— EXERCISE INSTRUCTIONS —
Would you transcribe the listing exactly as it stands, minus any images?

— SOURCE MATERIAL —
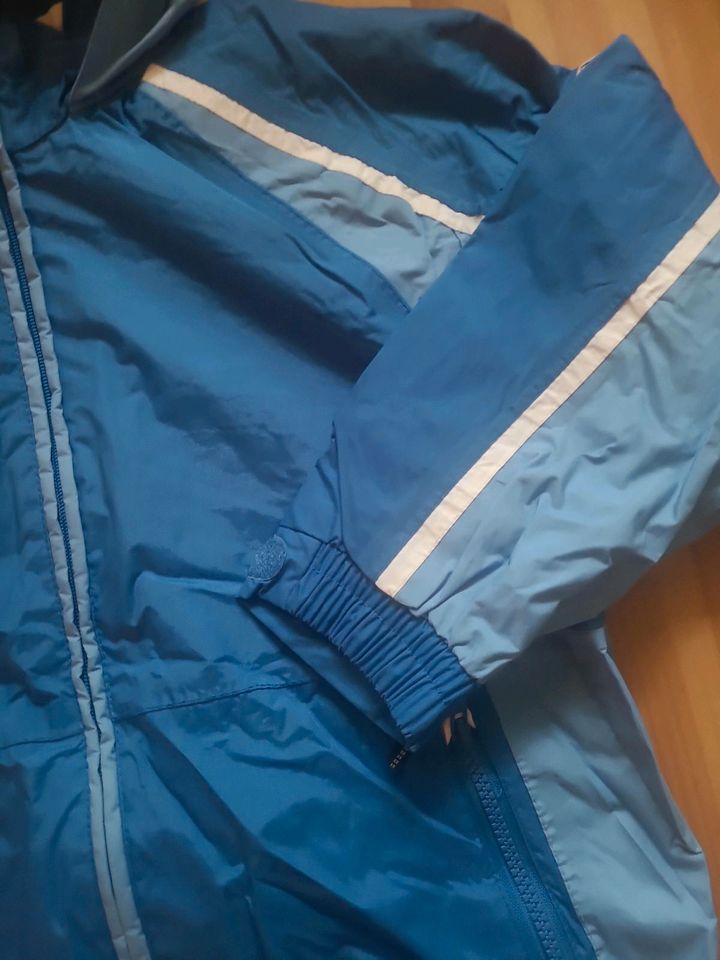 Regenjacke Gr. 128 blau Jeantex Junge in Potsdam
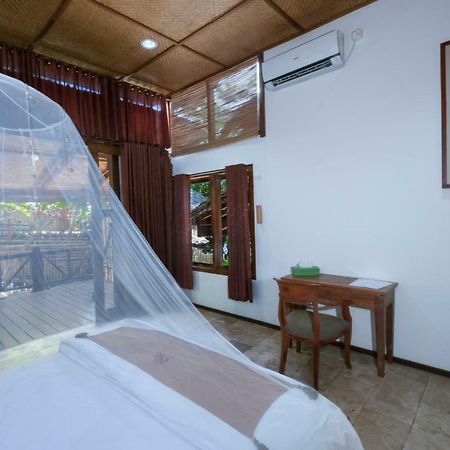 Janji Laut Resort Tanahwangko Exteriör bild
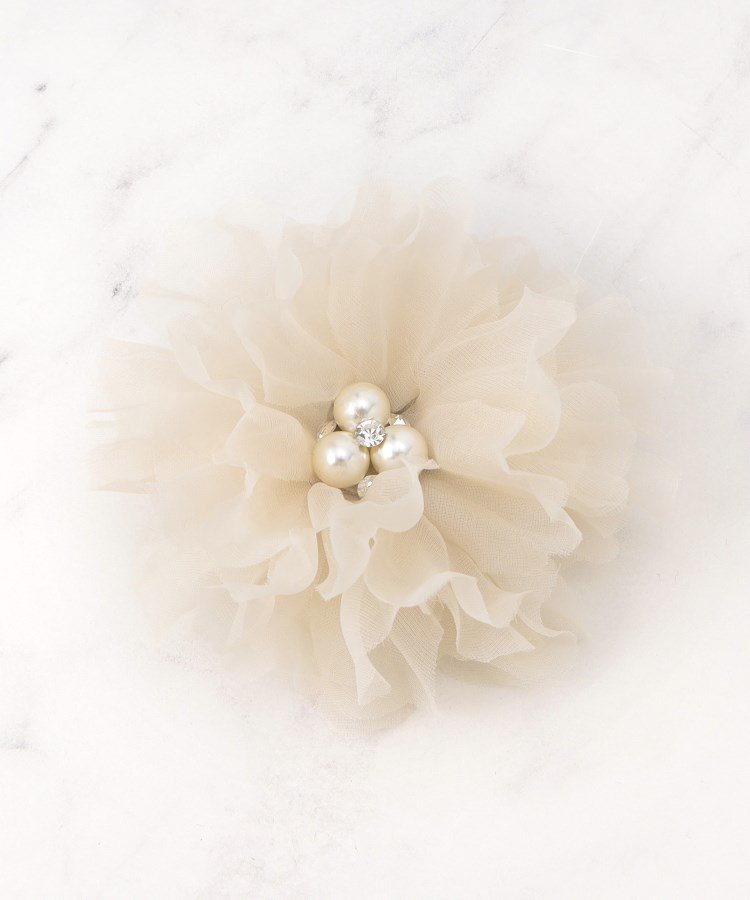 【SALE／50%OFF】Dessin 【入卒/セレモニー】パール調シフォンコサージュ デッサン アクセサリー・腕時計 ブローチ・コサージュ・バッジ グレー ホワイト ネイビー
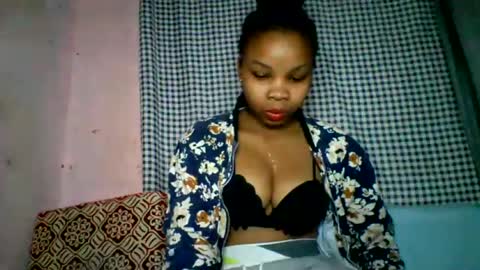Snapshot of velyssa chatting on 07.23.26 velyssa online show from 07.23.26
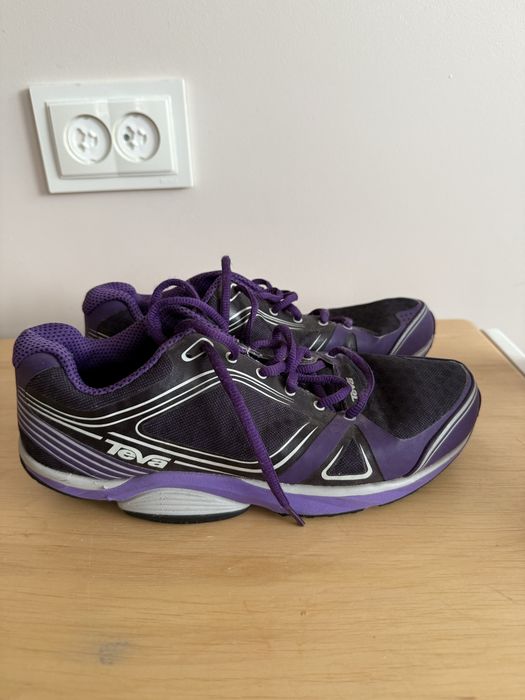 Жіночі кросівки Teva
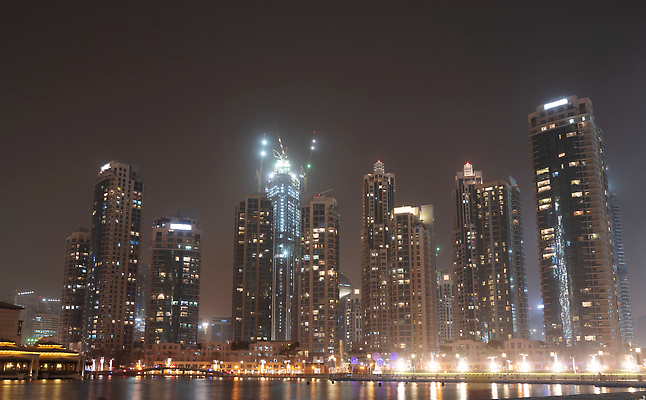 포토 JPG 해외이미지 외관 여행 비즈니스 건축양식 교통시설 하늘 호텔 미래 거리 사람없음 건물 빛 도시풍경 사무실 탑 고층빌딩 황혼 도시 고속도로 도심 야간 큼 장면 아라비아 동쪽 스카이라인 빛망울 아랍에미리트 경영 두바이 랜드마크 유흥 해외202309 해외포토 자연요소 건축물 건축 도로 교통 컨셉 중동 숙소 풍경 빌딩 일몰 크기 방향 시설 파일형식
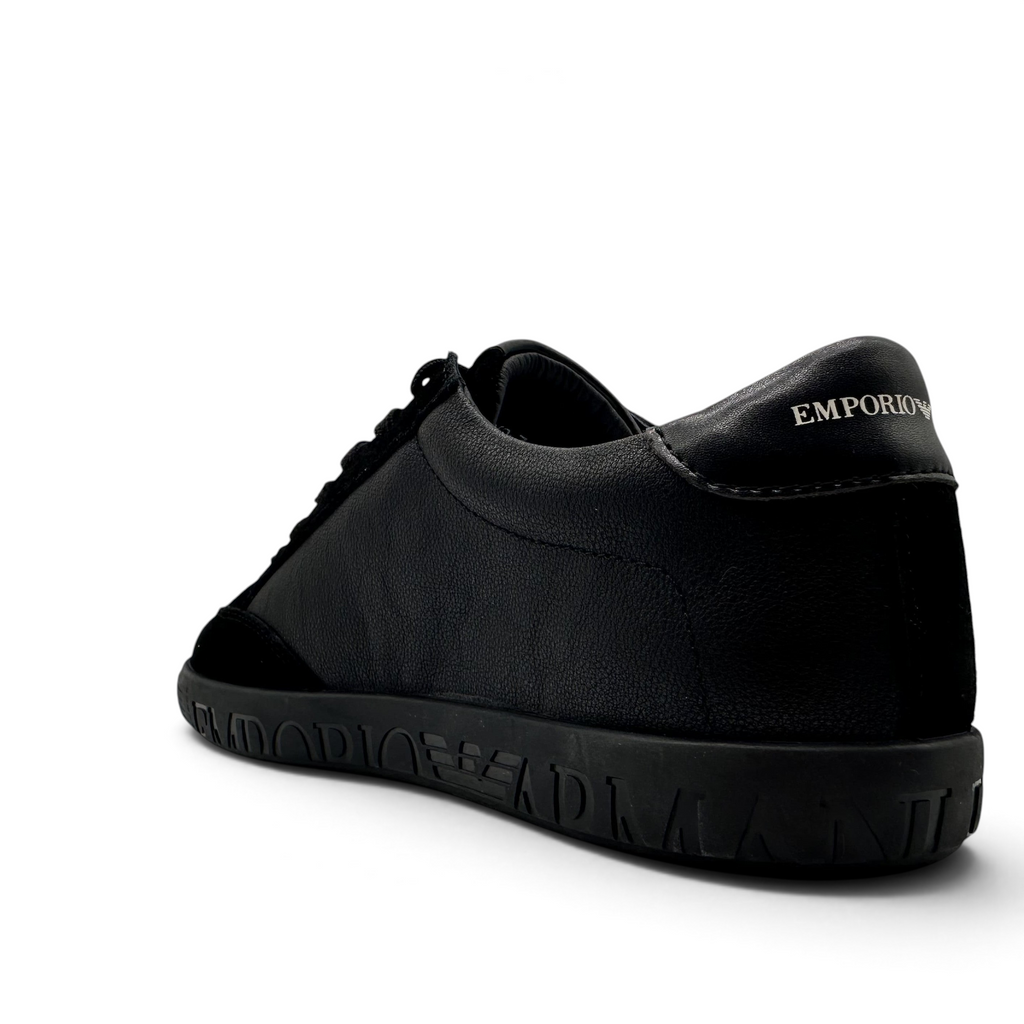 Bliss sneakers marka siyah deri ve süet detaylı Emporio Armani erkek spor ayakkabı, yan taban kabartmalı logo detayı.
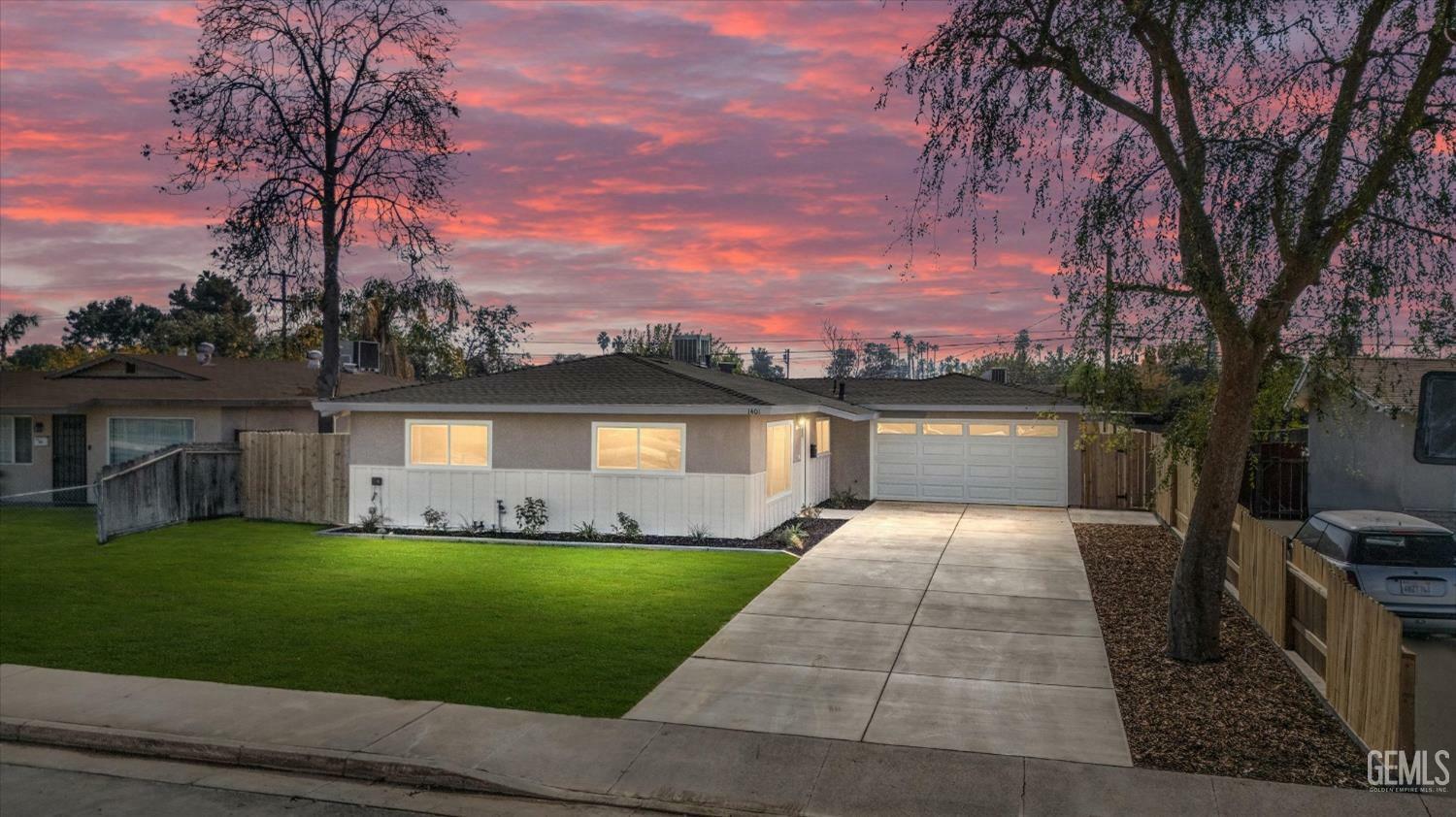 Property Photo:  1401 Garfield Avenue  CA 93304 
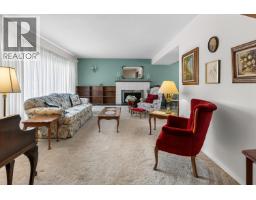 Primary bedroom of 1960 GARDEN DRIVE · Prince George, BC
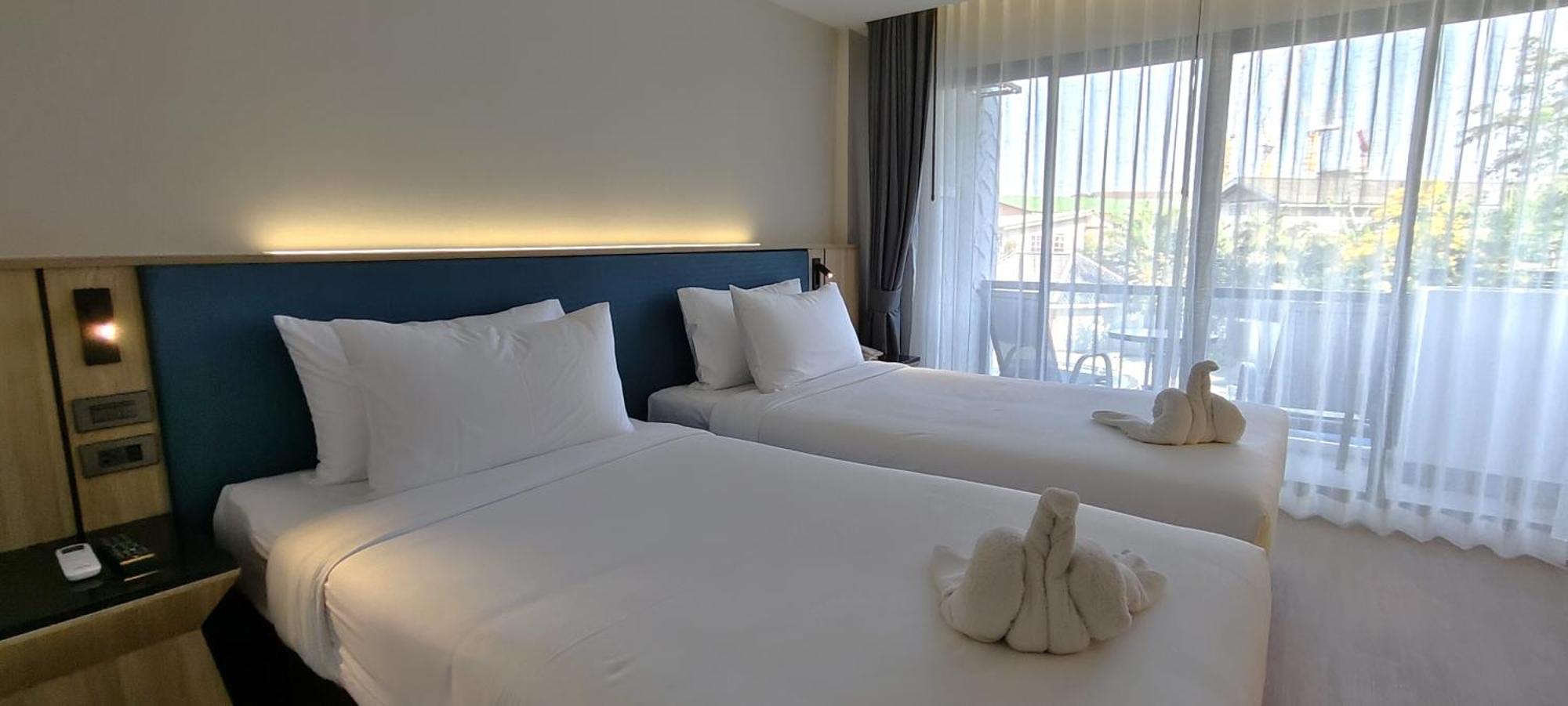 Pooh Beach Resort & Spa Джомтиен Бийч Екстериор снимка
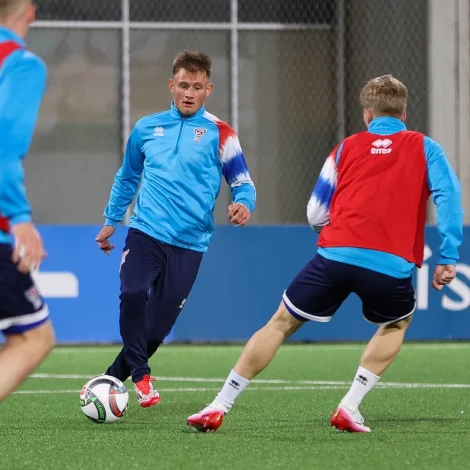 U21-landsliðsliðformaðurin Áki Samuelsen til venjingina í gjár. Vongurin var eisini við í 2021, tá Føroyar púra óvæntað vunnu sær stig á heimavølli móti Fraklandi (Mynd: Hans Erik Danielsen/FSF)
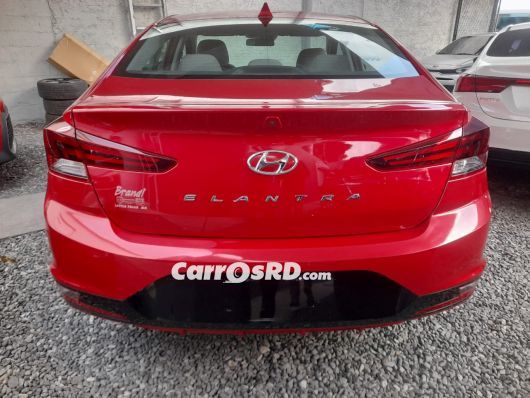 Hyundai Elantra Carros en venta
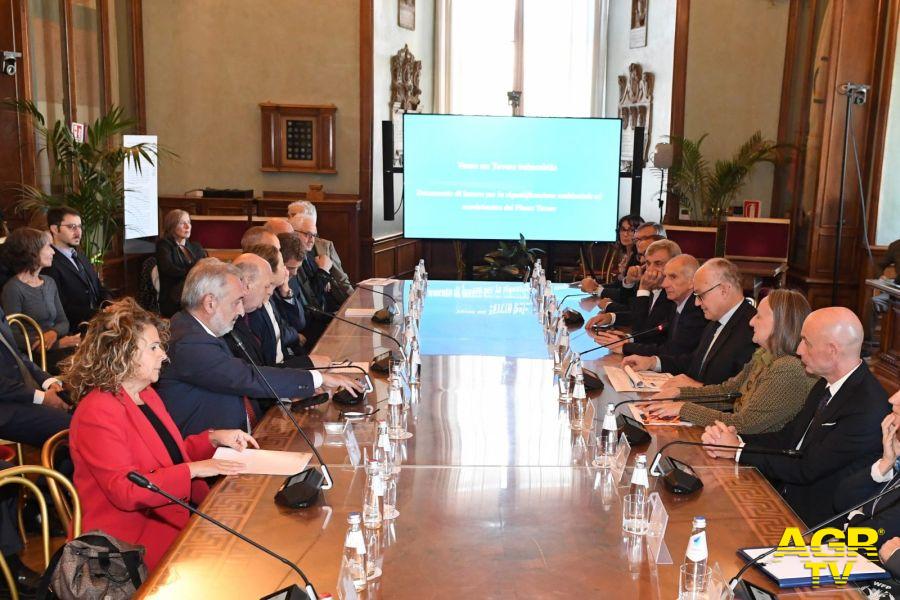 Foto Tavolo Tevere al lavoro in Campidoglio Foto Tavolo Tevere al lavoro in Campidoglio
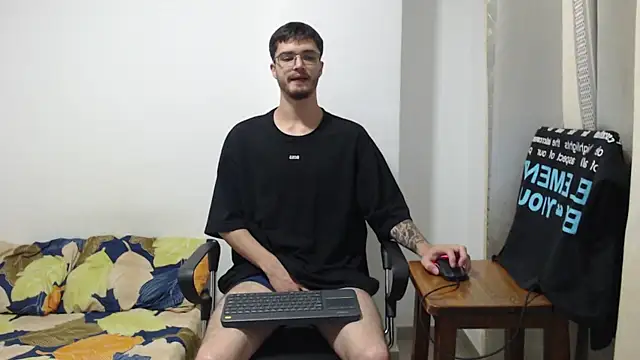 Aleex Miller online show from October 16, 1:28 am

— ANSWER BELOW —
 Regenjacke Gr. 128 blau Jeantex Junge in Potsdam
 Janji Laut Resort Tanahwangko Exteriör bild
 【SALE／50%OFF】Dessin 【入卒/セレモニー】パール調シフォンコサージュ デッサン アクセサリー・腕時計 ブローチ・コサージュ・バッジ グレー ホワイト ネイビー
Snapshot of velyssa chatting on 07.23.26 velyssa online show from 07.23.26
 Жіночі кросівки Teva
 포토 JPG 해외이미지 외관 여행 비즈니스 건축양식 교통시설 하늘 호텔 미래 거리 사람없음 건물 빛 도시풍경 사무실 탑 고층빌딩 황혼 도시 고속도로 도심 야간 큼 장면 아라비아 동쪽 스카이라인 빛망울 아랍에미리트 경영 두바이 랜드마크 유흥 해외202309 해외포토 자연요소 건축물 건축 도로 교통 컨셉 중동 숙소 풍경 빌딩 일몰 크기 방향 시설 파일형식
 Bliss sneakers marka siyah deri ve süet detaylı Emporio Armani erkek spor ayakkabı, yan taban kabartmalı logo detayı.
 Property Photo:  1401 Garfield Avenue  CA 93304 
 Primary bedroom of 1960 GARDEN DRIVE · Prince George, BC
 Pooh Beach Resort & Spa Джомтиен Бийч Екстериор снимка
 U21-landsliðsliðformaðurin Áki Samuelsen til venjingina í gjár. Vongurin var eisini við í 2021, tá Føroyar púra óvæntað vunnu sær stig á heimavølli móti Fraklandi (Mynd: Hans Erik Danielsen/FSF)
 Hyundai Elantra Carros en venta
 Foto Tavolo Tevere al lavoro in Campidoglio Foto Tavolo Tevere al lavoro in Campidoglio
 Aleex Miller online show from October 16, 1:28 am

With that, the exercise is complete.